INPP4B inhibits glioma cell proliferation and immune escape via inhibition of the PI3K/AKT signaling pathway

• Published in: Frontiers in oncology Vol. 12; p. 983537
• Main Authors: Sun, Xiaoming, Chen, Yani, Tao, Xiaoyang, Zhang, Wenzi, Wang, Xinyu, Wang, Xianhui, Ruan, Zhihua, Chen, Zhuo
• Format: Journal Article
• Language: English
• Published: Frontiers Media S.A 06.09.2022
• Subjects: glioma; immune escape; INPP4B; Oncology; PD-L1; PI3K/AKT signaling
• ISSN: 2234-943X; 2234-943X
• DOI: 10.3389/fonc.2022.983537

INPP4B (Inositol polyphosphate 4-phosphatase type II) has been regarded as a suppressor of several human tumors, but its biological function, expression, and clinical significance in glioma tissues and cell lines are unclear.

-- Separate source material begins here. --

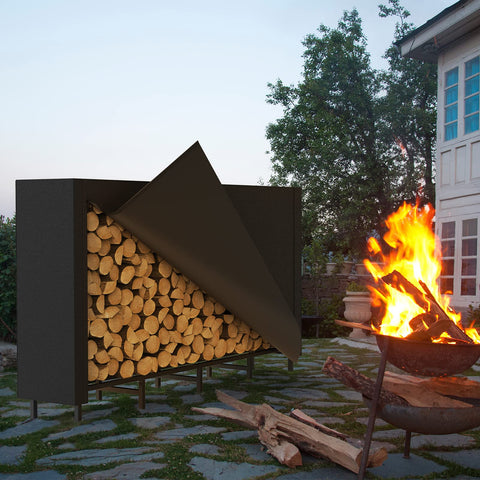 CADUKE firewood rack length accommodates a generous wood supply at home.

Notably, whether INPP4B participates in immune escape of glioma deserves urgent attention. Here, we confirmed that INPP4B expression is often downregulated in low- and high-grade human glioma tissues, in tissues from an orthotopic mouse model of brain glioma and in glioma cells. We found that INPP4B overexpression restrained the proliferation, migration, apoptosis resistance, PD-L1 expression, and T cell suppression by glioma cells, whereas INPP4B silencing had the opposite effects. Moreover, we showed that INPP4B inhibited glioma cell proliferation, migration, and PD-L1 expression by downregulating PI3K/AKT signaling. Collectively, these data support that INPP4B may inhibit glioma progression, and particularly, glioma’s immune escape. Thus, INPP4B may constitute a valuable target for glioma treatment.